È stata fondamentale, ma credo sia fondamentale per tutti avere una formazione sia di studio che di esperienza pratica sul campo. Perché a lungo andare chi non ha studiato, chi non ha fatto esperienza, si vede e si sente, soprattutto nei live. Quindi sì, ritengo che per me, come per un qualsiasi altro artista, lo studio e la messa in pratica dello stesso siano stati essenziali.

Dal 2016 non ti sei fermato. Prima hai fatto uscire il disco “Generation One”, poi “UNI-VERSO”, e ora ti prepari al grande ritorno con il nuovo disco dal quale hai estratto come primo singolo “Ormai” che, come l’intero disco che va a precedere, è stato interamente composto e scritto da te.
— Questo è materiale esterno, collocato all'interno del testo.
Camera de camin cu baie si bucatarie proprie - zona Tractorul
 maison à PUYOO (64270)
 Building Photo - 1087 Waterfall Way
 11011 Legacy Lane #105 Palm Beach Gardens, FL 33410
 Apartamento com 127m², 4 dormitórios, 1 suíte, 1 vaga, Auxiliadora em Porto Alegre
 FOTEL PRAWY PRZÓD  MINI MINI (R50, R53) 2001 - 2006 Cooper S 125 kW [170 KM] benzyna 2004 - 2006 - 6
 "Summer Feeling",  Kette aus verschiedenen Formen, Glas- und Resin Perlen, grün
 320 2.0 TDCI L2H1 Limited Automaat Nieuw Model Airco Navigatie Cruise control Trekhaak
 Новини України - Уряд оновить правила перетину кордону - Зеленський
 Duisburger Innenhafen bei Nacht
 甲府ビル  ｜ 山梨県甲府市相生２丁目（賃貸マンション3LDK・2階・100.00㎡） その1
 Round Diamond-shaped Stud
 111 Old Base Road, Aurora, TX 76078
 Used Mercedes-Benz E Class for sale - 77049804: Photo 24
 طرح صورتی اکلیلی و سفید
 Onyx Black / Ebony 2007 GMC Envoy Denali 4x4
Quando nasce questo brano e con quali premesse?
Questo brano, come altri brani, è stato scritto nell’arco di due anni. In realtà è uno dei più vecchi che ho composto. Poi, un giorno, me lo sono ritrovato tra le mani e ho lavorato nuovamente sulla base musicale e sul testo. Come gli altri brani, è scritto in prima persona e racconta un pezzo della mia vita sul quale si possono rispecchiare molte altre persone. Volevo scrivere un brano nel quale la gente si potesse rivedere, potesse riviversi. Penso sia questa la potenza principale di “Ormai”: la facilità con la quale ci si rispecchia nelle parole. In questi giorni, infatti, ci sono un sacco di ragazzi che mi scrivono dicendo “Mi ritrovo tantissimo nel testo di “Ormai””. Questo mi rende felice, anche perché penso sia meglio ritrovarsi in un testo di questo tipo che in altri nei quali si parla di pistole, soldi e cavallini.

Come si articola generalmente la scrittura di un tuo brano?
Prima di tutto parto dalla melodia, la registro sul cellulare e poi vado in studio. Lì riarrangio il tutto e a pezzo finito scrivo il testo. Scelgo di scrivere il testo alla fine del processo compositivo in quanto ritengo sia la parte più importante, voglio prima essere sicuro della metrica e di tutto il resto. Diciamo quindi che nasco prima come compositore e poi come autore. Che poi non mi sento nemmeno troppo un autore, me la vivo più come un rapper che si scrive liberamente le sue strofe.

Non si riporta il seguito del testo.